The wings of music

In 1976, Kolwane Mantu started to teach four children in his mother’s kitchen; today he has 148 students who are regularly invited to play in big concert halls. How an orchestra spreads hope in a South African township.

written for the Peace Boat website on January 14th, 2013 >>

“You are making noise! Go and play outside!” When Bongani Kunene started practising the cello with the African Youth Ensemble (AYE) in 1992, his family was not happy at all. He grew up in a shack on the poorer side of the Soweto township near Johannesburg/ South Africa. His mother had passed away and his father was struggling to raise him and his siblings. Food and jobs were scarce and the roof could not keep the rain outside. “Find a real job first” his father asked him. “Music doesn’t pay.” But it was too late, he had already fallen for classical music. Two decades later Bongani Kunene joins Peace Boat with the AYE, and is according to his teacher Kolwane Mantu “probably the most requested cello player in South Africa”. The 34-year-old employs his own manager, has his own recording studio and even his own label. He extensively tours abroad and is currently working on his own album, “Skho Momo”.

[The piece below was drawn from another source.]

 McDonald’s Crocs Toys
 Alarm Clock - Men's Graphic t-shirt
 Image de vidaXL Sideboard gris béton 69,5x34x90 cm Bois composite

Bongani Kunene’s teacher, Kolwane Mantu, who came onboard Peace Boat’s 78th voyage as a guest eductor with Bongani and three other AYE members, still seems to be surprised by the success of his project. When he talks on stage to Peace Boat participants about the orchestra’s founding years, he occasionally falls silent, choked with emotion. “I started out of desperation” he recalls. In 1976 violent riots threw the South African township of Soweto into a state of emergency. The apartheid government intended to replace English with Afrikaans at schools, and students protested against what they felt was another attempt at isolating them from the rest of the world and imposing the colonizers’ culture onto them. The police and the military fired at protesting pupils and the government closed schools for two years. “Children were idling in the streets. By then I had given up, I thought our nation had fallen apart” said Kolwane Mantu. But having studied the violin for years, he clung to his music. “I started to teach kids in the neighbourhood to play the violin in my mother’s kitchen.” When the room became too small for his growing number of students, they continued to rehearse in a public toilet, keeping their music a secret during the apartheid years.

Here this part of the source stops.